The election was the most polled in the nation’s history at the time, with the predictions of the public opinion pollsters seemingly see-sawing one week in favour of the JLP, then a week later, favouring the PNP. The election campaign lasted for several months, increasing in intensity.
In 2006, Patterson indicated his decision to retire from active politics, to take effect on March 30. Portia Simpson Miller emerged the winner of a hotly contested internal election to become the island’s first female Prime Minister.
Leading up to the 2007 election, the senate passed the Electoral Commission (Interim) Act 2006 on October 20, 2006, clearing the way for the creation of the Electoral Commission of Jamaica (ECJ). Its responsibility is to protect the electoral process from the immediate direction, influence and control of the government, which may influence its functioning to the detriment of persons with opposing views who may wish to participate in the process.

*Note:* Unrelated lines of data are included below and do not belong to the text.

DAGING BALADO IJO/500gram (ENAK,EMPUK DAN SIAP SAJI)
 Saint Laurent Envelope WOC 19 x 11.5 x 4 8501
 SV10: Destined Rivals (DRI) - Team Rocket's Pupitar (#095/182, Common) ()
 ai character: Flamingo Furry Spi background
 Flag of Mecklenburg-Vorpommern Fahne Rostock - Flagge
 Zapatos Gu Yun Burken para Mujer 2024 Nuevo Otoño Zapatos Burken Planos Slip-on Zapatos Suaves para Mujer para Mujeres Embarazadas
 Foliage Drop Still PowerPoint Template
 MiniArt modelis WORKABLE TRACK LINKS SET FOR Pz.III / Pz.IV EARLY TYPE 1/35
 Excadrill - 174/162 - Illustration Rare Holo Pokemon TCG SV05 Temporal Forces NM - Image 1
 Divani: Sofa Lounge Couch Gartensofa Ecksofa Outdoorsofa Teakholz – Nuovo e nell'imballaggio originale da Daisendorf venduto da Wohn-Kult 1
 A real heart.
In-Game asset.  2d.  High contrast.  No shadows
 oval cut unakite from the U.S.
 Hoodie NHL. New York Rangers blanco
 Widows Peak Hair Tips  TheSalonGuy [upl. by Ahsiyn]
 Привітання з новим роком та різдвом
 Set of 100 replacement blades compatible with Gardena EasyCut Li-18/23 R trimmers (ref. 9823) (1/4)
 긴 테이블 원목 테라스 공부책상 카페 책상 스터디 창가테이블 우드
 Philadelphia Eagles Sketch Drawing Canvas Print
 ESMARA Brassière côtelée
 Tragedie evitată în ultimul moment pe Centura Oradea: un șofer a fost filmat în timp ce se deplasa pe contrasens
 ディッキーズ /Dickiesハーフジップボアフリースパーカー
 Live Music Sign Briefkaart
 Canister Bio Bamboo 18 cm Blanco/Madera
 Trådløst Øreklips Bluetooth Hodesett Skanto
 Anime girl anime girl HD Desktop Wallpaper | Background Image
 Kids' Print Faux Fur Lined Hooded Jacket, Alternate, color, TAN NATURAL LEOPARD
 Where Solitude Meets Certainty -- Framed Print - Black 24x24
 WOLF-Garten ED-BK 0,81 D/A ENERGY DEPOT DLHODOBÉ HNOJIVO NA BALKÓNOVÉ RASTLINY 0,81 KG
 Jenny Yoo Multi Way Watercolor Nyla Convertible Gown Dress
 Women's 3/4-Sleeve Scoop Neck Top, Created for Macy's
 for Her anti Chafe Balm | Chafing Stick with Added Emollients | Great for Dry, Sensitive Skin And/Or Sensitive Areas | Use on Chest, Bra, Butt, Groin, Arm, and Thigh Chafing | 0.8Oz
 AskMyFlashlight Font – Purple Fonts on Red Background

September 3, 2007 – After spending 18 years in opposition, the JLP finally returned to winning ways, claiming 32 seats with 49.98 per cent of the votes. The PNP won 28 seats with 49.35 per cent of the votes. The NDM, IEWF, Jerusalem Bread Foundation and Independent candidates also contested the elections and achieved 5,532 votes all together. There was a slight uptick in the voter turnout, as 61.46 per cent of the electorate cast their ballots. The Hon Orette Bruce Golding became Jamaica’s eighth Prime Minister since Independence.
This election marked the first time that the dual citizenship of several elected Members of Parliament and contenders became an issue of national concern. According to Article 40 of the Constitution, “no person shall be qualified to be appointed as a Senator or elected as a member of the House of Representatives who is, by virtue of his own act, under any acknowledgment of allegiance, obedience or adherence to a foreign Power or State,” although Commonwealth citizens are exempted from this limitation. Several MPs subsequently gave up their US citizenship and contested by-elections for their seats – Daryl Vaz, Gregory Mair, Everald Warmington and Shahine Robinson (JLP), along with Sharon Hay-Webster and Ian Hayles (PNP).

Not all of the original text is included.